Pengacara Setya Novanto menerima mengenai penundaan, namun keberatan dengan jangka waktu penundaan selama tiga minggu.
"Untuk memperlancar acara, waktu tiga minggu tidak kami sepakati, tapi kami minta tiga hari. Waktunya terlalu lama, Yang Mulia," ujar salah satu kuasa hukum Novanto.
(Baca juga: Sidang Praperadilan Setya Novanto, Ratusan Polisi Amankan PN Jaksel)
Setelah berdiskusi soal jadwal penundaan sidang, akhirnya disepakati dalam persidangan bahwa sidang ditunda hingga pekan depan, Rabu, 20 September 2017.
Pengacara Novanto juga meminta agar hakim praperadilan bisa mengeluarkan kebijakan yang memberi kepastian untuk pihaknya dan kliennya, agar tidak ada pengunduran lagi pada Rabu mendatang.
Pengacara Novanto meminta agar Rabu depan dapat dilangsungkan proses pemeriksaan perkara.
"Majelis tidak bisa menerbitkan suatu perkara yang belum terjadi.

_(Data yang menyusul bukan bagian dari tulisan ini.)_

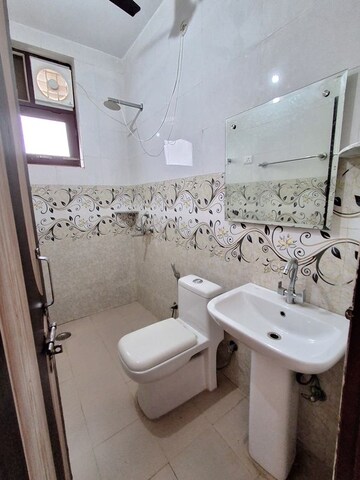 Bathroom in 2 BHK Builder Floor at DLF City Phase IV, Dlf Phase iv – for Rent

Nanti saja kalau terjadi akan kami pelajari bagaimana hukum acara yang berlaku," ucap Hakim Cepi.
(Baca juga: Ketua GMPG Ingatkan Hakim Praperadilan Setya Novanto Tidak Main-main)
Hakim kemudian mengetok palu dan menunda sidang hingga Rabu (20/9/2017).
Sebelumnya, Novanto mengajukan gugatan praperadilan atas penetapan tersangka oleh KPK, pada kasus e-KTP. Novanto ditetapkan sebagai tersangka oleh KPK pada 17 Juli 2017 lalu.
Dia diduga menguntungkan diri atau orang lain atau korporasi dan menyalahgunakan kewenangan dan jabatan, pada kasus e-KTP.
Novanto sewaktu menjabat Ketua Fraksi Partai Golkar di DPR diduga ikut mengatur agar anggaran proyek e-KTP senilai Rp 5,9 triliun disetujui oleh anggota DPR.
Selain itu, Novanto diduga mengondisikan pemenang lelang dalam proyek e-KTP. Bersama pengusaha Andi Agustinus alias Andi Narogong, Novanto diduga ikut menyebabkan kerugian negara Rp 2,3 triliun.